What is Cryptocurrency Trading?
What have you learned?
- What is cryptocurrency trading
- The nature of risk in cryptocurrency trading
- Difference between trading and acting
- It’s important to keep your feet on the ground
When we asked crypto newbies what they would like to know more about, one of the most popular answers was how to trade cryptocurrencies. This shouldn’t surprise you. Cryptocurrency is an ideal commodity as its price is volatile in the short term. In other words, the price changes rapidly and regularly by significant amounts.
Volatile assets offer many opportunities for traders to make money by profiting from price movements; but cryptocurrency trading is a double-edged sword. More volatility means more risk, and for a novice trader, the risk of losing money far outweighs the chance of making any money.
Cryptocurrency is also a new and relatively undeveloped asset, meaning its true long-term potential is extremely difficult to predict. Early investors have seen astronomical returns and since adoption is still relatively low, cryptocurrencies still have the potential to generate significant returns on their investment.
Its novelty, especially in its challenge to traditional forms of money, means that its purpose and legitimacy in the eyes of governments is unproven, so there is much risk versus opportunity.
Separate trading from investing
Cryptocurrency is therefore a risky, new and volatile asset, but it has significant upside potential in both the short and long term. Your challenge is to understand how to exploit this potential, manage your risks and make money by learning to trade cryptocurrencies.
To keep things simple at this point, let’s assume that making money with cryptocurrency means selling it for more than you bought it (we’ll explain later in this section which is potentially much more complicated), and take Bitcoin as an example to use.
With that in mind and as we look at the two general approaches to profiting from cryptocurrencies, consider these two questions:
- Will the price of bitcoin go up or down in the next 24 hours?
- Will the price of bitcoin go up or down in the next 4 years?
Both questions require you to risk your money by predicting the future price movement of bitcoin, which is uncertain. The crucial difference is the time frame, because it makes you think differently about the uncertainty, the risk of your investment.
The reason for this is that what affects the price of bitcoin in a 24-hour period is different from what affects its trajectory over a four-year period.
- Yes, the 24-hour chart is part of a four-year chart and the daily changes are smoothed out to form long-term patterns, but you can’t make a long-term forecast based on what happened on any given day and vice versa .
- Factors affecting long-term change are different from factors affecting short-term change.
- When we talk about short-term buying and selling, we are talking about trading. Often betting on short-term price movements.

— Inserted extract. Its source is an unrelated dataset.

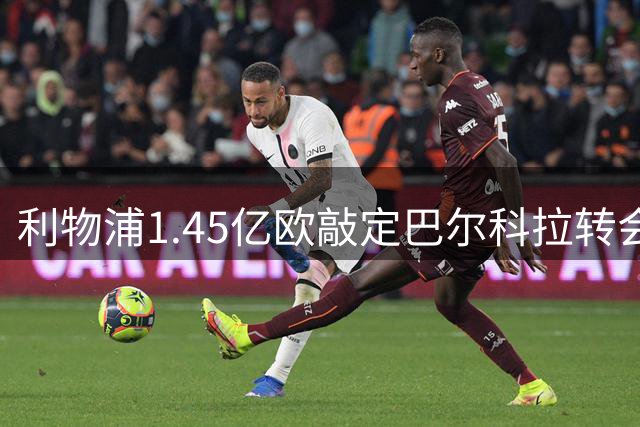 利物浦1.45亿欧敲定巴尔科拉转会 将签五年长约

- Conversely, buying and then passively holding for an extended period of time to sell at a profit is considered an investment.
- The Bitcoin world has even coined a term to describe the determination to hold an asset for the long term: Holding.
So, if you are interested in making money with cryptocurrencies, you need to understand the difference and different decision making processes. You don’t have to choose, you can be both a trader and an investor or neither, as long as you appreciate the difference and separate your businesses.
Trading against Holding
While both trading and holding require risk management, it takes place over different time frames – short and long – and the effects on risk – as it manifests as price movement and approaches to managing it – are different for each. The generic term for analyzing short-term asset prices and trading volumes is technical analysis.
Fundamental analysis is a much broader examination of the influences on the future success of the commodity and the measurement of risk across long-term factors. Fundamental and technical analysis may overlap, but they provide a useful framework for differentiating trading from investing. But both approaches are still based on risk measurement.
So the basis of this part of learning to trade cryptocurrency starts with observing the decision making process:
- Technical analysis – understanding the price and its origins; reading price data and price charts; interpret historical trends; know volume and price indicators
- In-Depth Analysis: Understand cryptocurrency adoption/performance/health metrics; price correlation with the broader economy; deployment/pricing models available Risk management – how to measure risk; risk and trade size.
Once we understand the concepts related to decision making, let’s move on to implementation:
- Making Your First Trade – Learn how to trade based on your estimation and the intricacies associated with it.
- Advanced Trading Topics – Once you understand the basics, we can introduce more complex and risky trading tools that can increase your exposure using leverage or speed up the execution process through automation.